• HOW TO COMPLETE THIS TASK
Locate the line that contains "Carín León anula" in the entries below, then repeat it and every following line through the line that contains "3 Bedroom Private", exactly, and no others.
____ SOURCE MATERIAL
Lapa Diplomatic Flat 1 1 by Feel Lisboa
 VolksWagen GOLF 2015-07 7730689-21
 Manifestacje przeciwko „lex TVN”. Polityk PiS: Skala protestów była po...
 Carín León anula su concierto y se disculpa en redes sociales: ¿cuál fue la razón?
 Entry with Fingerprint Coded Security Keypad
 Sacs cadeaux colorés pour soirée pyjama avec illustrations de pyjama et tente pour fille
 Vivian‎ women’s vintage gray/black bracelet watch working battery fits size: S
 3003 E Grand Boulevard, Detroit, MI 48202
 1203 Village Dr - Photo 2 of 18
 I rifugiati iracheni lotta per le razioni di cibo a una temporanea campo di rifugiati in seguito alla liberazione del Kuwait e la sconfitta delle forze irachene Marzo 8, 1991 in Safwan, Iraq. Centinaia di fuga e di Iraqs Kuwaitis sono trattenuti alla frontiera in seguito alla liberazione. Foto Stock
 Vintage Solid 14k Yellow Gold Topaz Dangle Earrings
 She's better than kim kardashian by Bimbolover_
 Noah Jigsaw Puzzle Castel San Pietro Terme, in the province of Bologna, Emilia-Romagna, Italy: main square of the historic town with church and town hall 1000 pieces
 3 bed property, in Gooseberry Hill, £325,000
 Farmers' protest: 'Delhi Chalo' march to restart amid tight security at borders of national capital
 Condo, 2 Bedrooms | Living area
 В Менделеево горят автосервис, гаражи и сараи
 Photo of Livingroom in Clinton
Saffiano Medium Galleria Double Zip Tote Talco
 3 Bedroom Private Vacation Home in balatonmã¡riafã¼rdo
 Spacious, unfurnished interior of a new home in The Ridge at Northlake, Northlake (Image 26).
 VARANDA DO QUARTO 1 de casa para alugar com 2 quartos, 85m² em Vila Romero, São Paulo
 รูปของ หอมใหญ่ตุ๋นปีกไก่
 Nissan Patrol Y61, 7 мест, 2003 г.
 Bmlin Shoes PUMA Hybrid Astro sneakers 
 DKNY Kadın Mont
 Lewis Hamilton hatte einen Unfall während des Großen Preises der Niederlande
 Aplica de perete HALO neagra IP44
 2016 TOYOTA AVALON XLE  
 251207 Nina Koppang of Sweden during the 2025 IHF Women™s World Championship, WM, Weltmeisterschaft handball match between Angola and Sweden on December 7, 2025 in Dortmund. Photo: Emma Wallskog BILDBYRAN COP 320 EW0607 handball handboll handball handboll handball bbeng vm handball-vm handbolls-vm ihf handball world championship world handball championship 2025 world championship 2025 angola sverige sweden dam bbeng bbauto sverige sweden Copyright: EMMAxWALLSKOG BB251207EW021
________
• RESPONSE AREA
 Carín León anula su concierto y se disculpa en redes sociales: ¿cuál fue la razón?
 Entry with Fingerprint Coded Security Keypad
 Sacs cadeaux colorés pour soirée pyjama avec illustrations de pyjama et tente pour fille
 Vivian‎ women’s vintage gray/black bracelet watch working battery fits size: S
 3003 E Grand Boulevard, Detroit, MI 48202
 1203 Village Dr - Photo 2 of 18
 I rifugiati iracheni lotta per le razioni di cibo a una temporanea campo di rifugiati in seguito alla liberazione del Kuwait e la sconfitta delle forze irachene Marzo 8, 1991 in Safwan, Iraq. Centinaia di fuga e di Iraqs Kuwaitis sono trattenuti alla frontiera in seguito alla liberazione. Foto Stock
 Vintage Solid 14k Yellow Gold Topaz Dangle Earrings
 She's better than kim kardashian by Bimbolover_
 Noah Jigsaw Puzzle Castel San Pietro Terme, in the province of Bologna, Emilia-Romagna, Italy: main square of the historic town with church and town hall 1000 pieces
 3 bed property, in Gooseberry Hill, £325,000
 Farmers' protest: 'Delhi Chalo' march to restart amid tight security at borders of national capital
 Condo, 2 Bedrooms | Living area
 В Менделеево горят автосервис, гаражи и сараи
 Photo of Livingroom in Clinton
Saffiano Medium Galleria Double Zip Tote Talco
 3 Bedroom Private Vacation Home in balatonmã¡riafã¼rdo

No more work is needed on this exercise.